Return the following entries exactly, word for word.
[[ Entries provided open ]]
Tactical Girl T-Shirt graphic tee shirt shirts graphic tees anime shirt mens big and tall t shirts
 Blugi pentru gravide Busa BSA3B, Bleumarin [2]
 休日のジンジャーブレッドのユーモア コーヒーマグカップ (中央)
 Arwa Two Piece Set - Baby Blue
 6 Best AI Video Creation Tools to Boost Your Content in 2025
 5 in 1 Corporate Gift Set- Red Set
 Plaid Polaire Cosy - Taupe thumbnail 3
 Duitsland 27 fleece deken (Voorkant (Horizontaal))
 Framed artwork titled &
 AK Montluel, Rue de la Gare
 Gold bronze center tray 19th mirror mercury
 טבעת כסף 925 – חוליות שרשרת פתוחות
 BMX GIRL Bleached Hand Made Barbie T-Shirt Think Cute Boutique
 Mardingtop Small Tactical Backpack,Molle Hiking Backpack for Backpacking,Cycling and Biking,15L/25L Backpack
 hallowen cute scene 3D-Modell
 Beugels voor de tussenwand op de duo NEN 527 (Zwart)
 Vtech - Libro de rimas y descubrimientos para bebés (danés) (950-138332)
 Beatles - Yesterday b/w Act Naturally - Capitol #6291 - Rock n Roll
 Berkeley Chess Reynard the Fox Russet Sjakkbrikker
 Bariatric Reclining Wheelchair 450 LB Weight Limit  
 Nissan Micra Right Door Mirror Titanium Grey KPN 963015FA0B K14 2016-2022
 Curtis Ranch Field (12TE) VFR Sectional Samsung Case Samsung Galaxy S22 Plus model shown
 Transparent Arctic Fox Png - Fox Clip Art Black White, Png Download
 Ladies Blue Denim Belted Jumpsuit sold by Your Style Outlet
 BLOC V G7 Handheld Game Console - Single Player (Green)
[[ Entries provided closed ]]
## Solution to this exercise
Tactical Girl T-Shirt graphic tee shirt shirts graphic tees anime shirt mens big and tall t shirts
 Blugi pentru gravide Busa BSA3B, Bleumarin [2]
 休日のジンジャーブレッドのユーモア コーヒーマグカップ (中央)
 Arwa Two Piece Set - Baby Blue
 6 Best AI Video Creation Tools to Boost Your Content in 2025
 5 in 1 Corporate Gift Set- Red Set
 Plaid Polaire Cosy - Taupe thumbnail 3
 Duitsland 27 fleece deken (Voorkant (Horizontaal))
 Framed artwork titled &
 AK Montluel, Rue de la Gare
 Gold bronze center tray 19th mirror mercury
 טבעת כסף 925 – חוליות שרשרת פתוחות
 BMX GIRL Bleached Hand Made Barbie T-Shirt Think Cute Boutique
 Mardingtop Small Tactical Backpack,Molle Hiking Backpack for Backpacking,Cycling and Biking,15L/25L Backpack
 hallowen cute scene 3D-Modell
 Beugels voor de tussenwand op de duo NEN 527 (Zwart)
 Vtech - Libro de rimas y descubrimientos para bebés (danés) (950-138332)
 Beatles - Yesterday b/w Act Naturally - Capitol #6291 - Rock n Roll
 Berkeley Chess Reynard the Fox Russet Sjakkbrikker
 Bariatric Reclining Wheelchair 450 LB Weight Limit  
 Nissan Micra Right Door Mirror Titanium Grey KPN 963015FA0B K14 2016-2022
 Curtis Ranch Field (12TE) VFR Sectional Samsung Case Samsung Galaxy S22 Plus model shown
 Transparent Arctic Fox Png - Fox Clip Art Black White, Png Download
 Ladies Blue Denim Belted Jumpsuit sold by Your Style Outlet
 BLOC V G7 Handheld Game Console - Single Player (Green)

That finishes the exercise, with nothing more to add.